Cops Excel In Computer Forensics Unit

It’s easier to turn a cop into a geek than a geek into a cop.


Time progresses and many things in life may change but, for the most part, crime remains constant. Law enforcement agencies must pursue new and different ways to combat the crimes that plague their communities, and they must continually acquire new knowledge and skills to do so. With the advent of computers and the evolution of technology that has unfolded, over time, opportunities for more sophisticated means and methods of committing crimes have resulted. Consequently, law enforcement agencies must be cognizant of the need to implement specialized units with personnel trained and equipped to investigate and handle these new challenges that interface with various facets of crime through technological advances.

The Arlington County (Virginia) Police Department, on the outskirts of the nation's capitol, is one department that has done just that. The Computer Forensic Unit (CFU) was established approximately 12 years ago and serves as a support unit. It has played a critical role in solving diverse crimes. The unit is involved in the collection and analysis of digital media including computers, cell phones, digital cameras, digital storage devices, thumb-drives and other technological devices for evidence pertaining to a variety of cases. The unit has often worked cases that include stalking, homicides, suicides, child pornography, domestic violence and burglaries, among others. The unit is supervised by Sgt. Stuart Ellis and includes Detective Luis Ordonez, Detective Daniel Gillenwater, and Detective Darrel Taber.

As a support unit, the detectives often work in conjunction with other divisions in the department as well as detectives in the Special Victims Unit (SVU) who rely on them to obtain vital information they may need for their cases that are time sensitive. The CFU is also part of the U. S. Secret Service Task Force in the Washington D. C. Metropolitan region whose function is to assist respective agencies with the investigation of electronic crimes.
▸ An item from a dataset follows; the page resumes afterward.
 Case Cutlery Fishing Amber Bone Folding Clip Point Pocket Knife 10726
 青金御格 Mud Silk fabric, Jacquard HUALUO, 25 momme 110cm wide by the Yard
The detectives in the Arlington County Police Department CFU are highly skilled and well trained. For example, Detective Ordonez, a 15-year veteran of the police department with significant street experience, who has been in the unit for 2 ½ years, previously worked as an Electronics Technician for several private companies prior to beginning his career as a police officer. In his current position, he has acquired advanced training. From May - July 2008, Detective Ordonez attended the national Computer Forensics Institute in Hoover, Alabama. This training is a collaborative effort sponsored by the U. S. Secret Service that has a partnership with the National District Attorney's Association and the U. S. Department of Homeland Security to implement this cyber crimes training program for local and state law enforcement, prosecutors, and judges.

"It's a resource multiplier for us," says Michael Stenger, Assistant Director of the U. S. Secret Service. "We put 240 people through it last year and 280 this year," he says. Stenger explains that in addition to offering basic, intermediate, advanced, and refresher training, they also provide equipment to these professionals to utilize in their agencies.

"Having a well trained staff to do computer forensics is an investigative necessity in today's world. Every well staffed police department should be actively engaged in computer forensics. One of the challenges of staffing a CFU is the amount of training and equipment needed to keep the staff in a position to maintain pace with the evolution of changing technology," says Chief Douglas Scott of the Arlington County Police Department. "Chiefs and sheriffs need to carefully choose and screen potential members of a CFU that are willing to commit to this assignment for multiple years because of the extensive training and certifications needed to be successful in the position," he says.